While decorating my Christmas tree this year, I came across a 20+ year old article from and old Flower & Garden magazine that talked about Christmas plant legends.  As you decorate your home in the weeks ahead, it is interesting to know that many of the plants used today are steeped in ancient history and lore. Enjoy these excerpts:

Evergreen boughs have been used as throughout history since they were considered “plants that did not die” and were brought in to homes to encourage fortune and good health.  “Queen Victoria’s husband, Prince Albert, is generally given credit for bringing the modern day version of the Christmas tree to England and North America.  He brought to the palace the German custom of bringing a cut evergreen tree indoors and trimming it with candles and decorations,” and the tradition became much publicized.
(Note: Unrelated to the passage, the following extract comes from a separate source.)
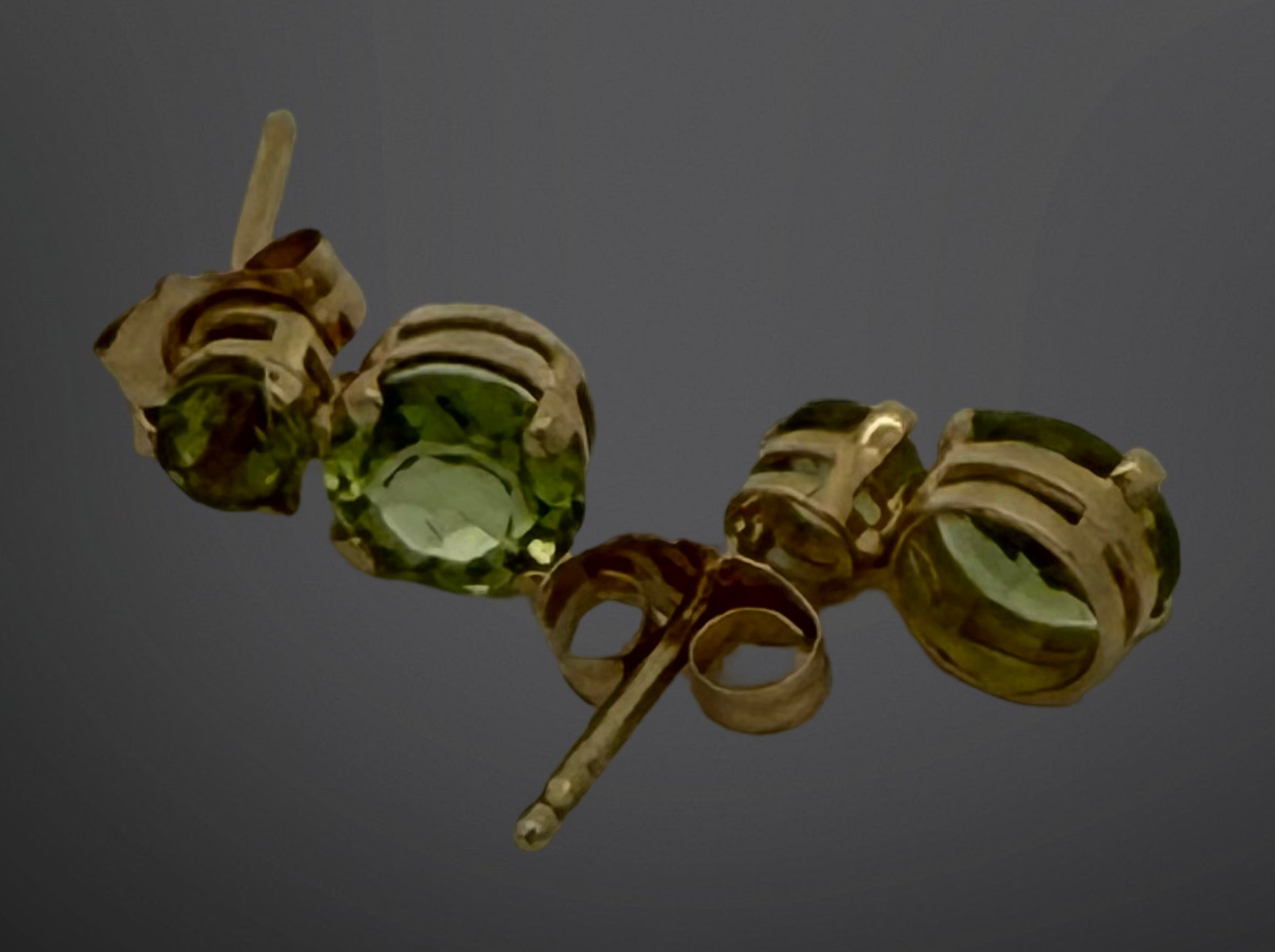 Double Peridot stud earrings in 14kt Yellow gold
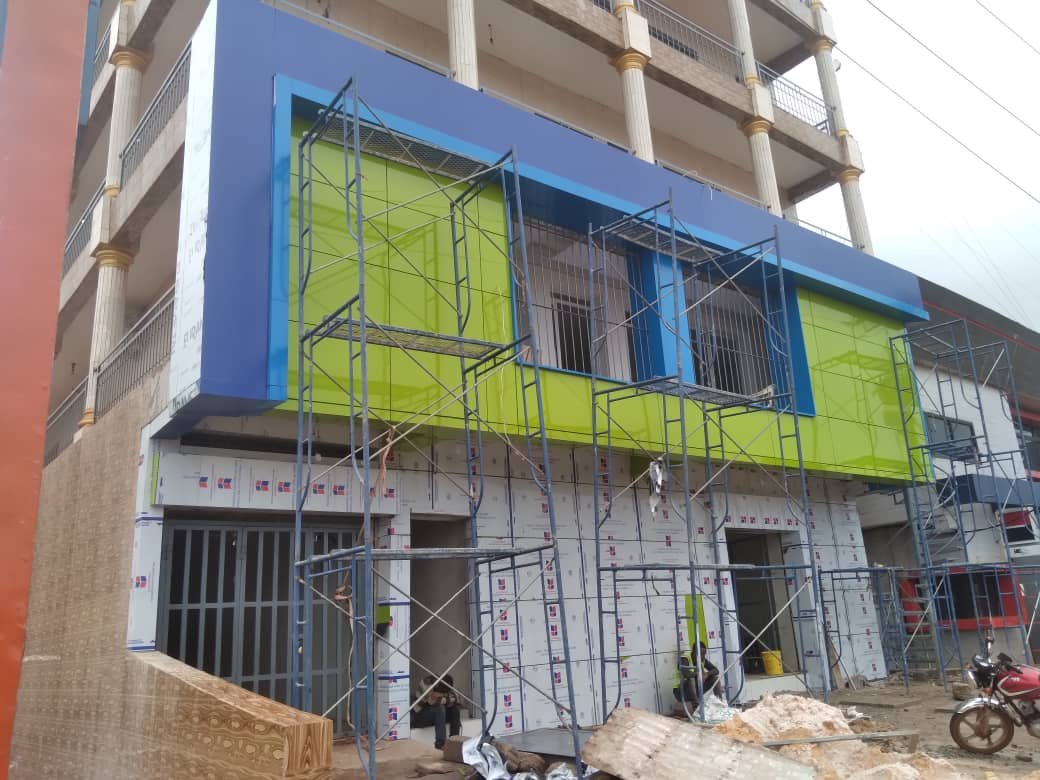 La construction de l’agence Skye Bank à Kangbelen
Holly is known as “Christ-Thorn” in Scandinavia, and was a sacred tree long before Christian times.  The Romans used it  in their Saturnalia festival, the forerunner of Christmas as we know it today.  Holly has long been used in church decorations, but must never be brought in before Christmas Eve.  Twelfth Night was the day for taking it down, and the rule was that every last sprig should be burned, except for one small piece which could be hung in the cowshed to protect the animals from harm  Holly was believed to be a useful deterrent against witches and other evil influences.  Country people used to say it was a good tree to have in the garden, especially if self-sown, but that it should never be cut or trimmed.  It was said to be a symbol of domestic peace and also of eternal life.

Rosemary, a common seasoning today, was once a Christmas plant, associated with remembrance, friendship, and fidelity.  “During the Middle Ages, housewives spread it on the floor at Christmas. As people walked on it, a pleasant aroma arose.  It was also used in medieval England to garnish the boar’s head at the Christmas feast.  One related tale refers to the Virgin Mary’s flight into Egypt.  Mary is said to have thrown her cloak over the bush, which caused the rosemary flowers, formerly white, to take on the same delicate shade of blue as the cloke.  Another old Legend says that the rosemary blooms at midnight on Christmas Eve.

When you hang your Christmas wreath, you will be decorating your home as other homes and churches have all over the world for centuries.  “The wreath’s shape, a circle, is the symbol of eternity, while evergreen boughs are one of the oldest symbols of eternal life.  Decorated with fruits, seeds and flowers, the Wreath becomes a symbol of the cycle of the seasons.”

Another legend goes that as Mary, Joseph, and baby Jesus fled to Egypt many plants hid them. One evening the family stopped near a large old pine tree. The tree invited them to spend the night inside the hollow in its trunk. After the family was inside, the tree folded its branches down around the family, hiding them when Herod’s soldiers passed. In the morning the Christ Child blessed the pine tree with an imprint of his tiny hand. If you cut a pinecone in half lengthwise, you will see the hand in the cone.